Razões para investir em ouro

Quando o ouro é indicado como um bom investimento, essa referência é habitualmente sustentada em uma ou mais das razões listadas abaixo:

  1. Aumento dos retornos do portfolio
  2. Redução da volatilidade do portfolio
  3. Proteção de valor
  4. Proteção contra a inflação
  5. Proteção contra o fim do sistema financeiro no seu atual formato
  6. Proteção contra crises geopolíticas
  7. Substituto do Dólar Americano como moeda de reserva de valor

Vou em seguida analisar as razões listadas acima, por forma a perceber em que circunstâncias o ouro é um produto cuja aquisição vai de encontro aos objetivos do investidor, e em que circunstâncias a razão apontada não justifica a aposta em ouro.

Aumento dos retornos do portfolio

Tal como havia feito no meu artigo sobre mercados emergentes, vou comparar a performance do ouro com o Índice MSCI World, uma vez que este índice por si só agrega um portfolio de ações diversificado e com rentabilidade anual na casa dos 8%. Um investimento de 1.000$ em ouro no final de 1971 valeria hoje 38.747$, por comparação com 1.000$ investidos no índice MSCI World, que valeriam hoje 28.870$:

Sabemos então que o ouro foi mais rentável do que o mercado mundial de ações nos últimos 50 anos. Olhando para cada uma dessas 5 décadas, o ouro superou a rentabilidade do índice MSCI World em duas delas:

Podemos então considerar o ouro como um bom investimento se o objetivo for o de aumentar os retornos do nosso portfolio?

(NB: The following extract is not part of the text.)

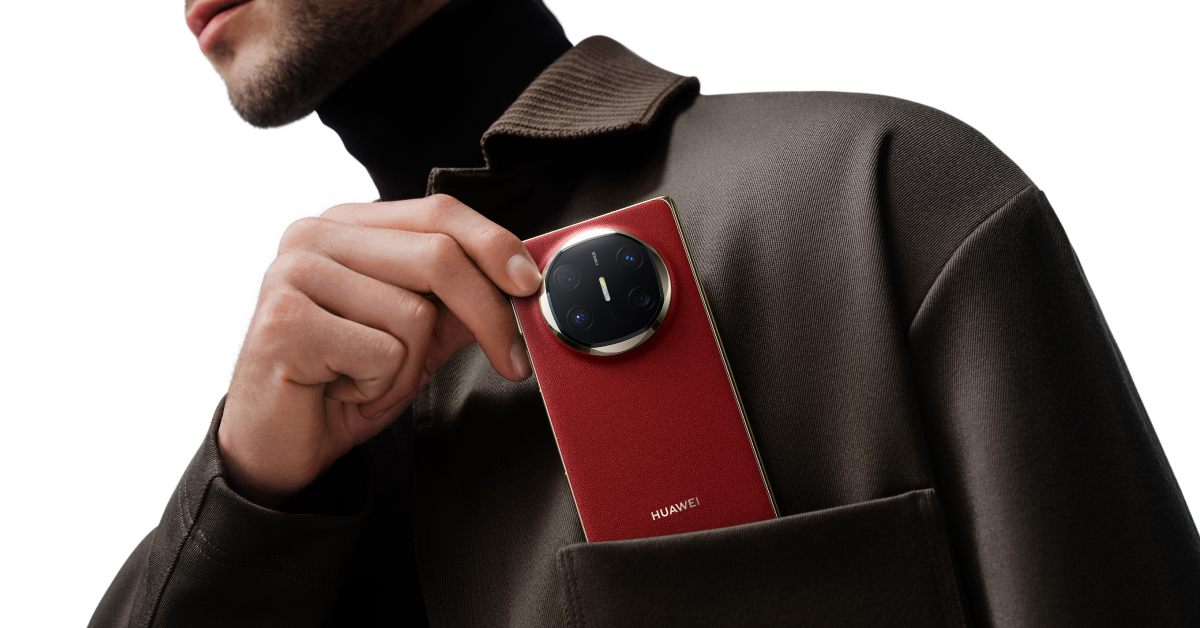 export_Lifestyle_06_1200x628 (1)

Veredito: Sim. O ouro superou o retorno do índice MSCI World nos últimos 50 anos e em duas das últimas 5 décadas. Por este motivo, pode aumentar a rentabilidade um portfolio de ações. Idealmente, um investidor deve reequilibrar a sua exposição a Ações vs Ouro, reforçando o ativo que caia abaixo da alocação desejada, optimizando assim o preço médio de aquisição de ouro e de ações.

Redução da volatilidade do portfolio

Desde 1971 até 2021, o índice MSCI World teve retorno negativo em 13 anos, gerando ganhos para os accionistas nos restantes 37. Os anos com retorno negativo foram 1973-74 (dois anos consecutivos), 1977, 1981, 1990, 1992, 2000-02 (três anos consecutivos), 2008, 2011, 2015 e 2018. Teria sido útil contar com uma alocação a ouro nos períodos em que o índice MSCI World teve rentabilidade negativa?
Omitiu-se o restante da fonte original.